**WHAT IS NEEDED**
From first line to last, copy the material below exactly.

(INPUT begins)

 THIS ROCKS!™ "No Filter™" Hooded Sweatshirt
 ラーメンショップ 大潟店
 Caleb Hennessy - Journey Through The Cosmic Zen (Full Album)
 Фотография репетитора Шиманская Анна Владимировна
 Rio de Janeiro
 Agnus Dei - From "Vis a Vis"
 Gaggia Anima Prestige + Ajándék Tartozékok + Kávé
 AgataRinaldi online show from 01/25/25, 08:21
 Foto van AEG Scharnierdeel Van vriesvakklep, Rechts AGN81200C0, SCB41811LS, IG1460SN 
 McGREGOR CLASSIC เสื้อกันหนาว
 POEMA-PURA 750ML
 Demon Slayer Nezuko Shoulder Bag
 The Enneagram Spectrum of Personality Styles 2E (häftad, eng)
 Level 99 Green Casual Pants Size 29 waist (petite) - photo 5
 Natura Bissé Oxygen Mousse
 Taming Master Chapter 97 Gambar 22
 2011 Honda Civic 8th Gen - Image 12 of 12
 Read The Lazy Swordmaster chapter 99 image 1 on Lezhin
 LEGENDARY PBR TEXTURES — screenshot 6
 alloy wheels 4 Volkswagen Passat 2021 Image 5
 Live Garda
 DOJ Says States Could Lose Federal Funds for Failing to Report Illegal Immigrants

(INPUT ends)

**SOLUTION TO THIS EXERCISE**
 THIS ROCKS!™ "No Filter™" Hooded Sweatshirt
 ラーメンショップ 大潟店
 Caleb Hennessy - Journey Through The Cosmic Zen (Full Album)
 Фотография репетитора Шиманская Анна Владимировна
 Rio de Janeiro
 Agnus Dei - From "Vis a Vis"
 Gaggia Anima Prestige + Ajándék Tartozékok + Kávé
 AgataRinaldi online show from 01/25/25, 08:21
 Foto van AEG Scharnierdeel Van vriesvakklep, Rechts AGN81200C0, SCB41811LS, IG1460SN 
 McGREGOR CLASSIC เสื้อกันหนาว
 POEMA-PURA 750ML
 Demon Slayer Nezuko Shoulder Bag
 The Enneagram Spectrum of Personality Styles 2E (häftad, eng)
 Level 99 Green Casual Pants Size 29 waist (petite) - photo 5
 Natura Bissé Oxygen Mousse
 Taming Master Chapter 97 Gambar 22
 2011 Honda Civic 8th Gen - Image 12 of 12
 Read The Lazy Swordmaster chapter 99 image 1 on Lezhin
 LEGENDARY PBR TEXTURES — screenshot 6
 alloy wheels 4 Volkswagen Passat 2021 Image 5
 Live Garda
 DOJ Says States Could Lose Federal Funds for Failing to Report Illegal Immigrants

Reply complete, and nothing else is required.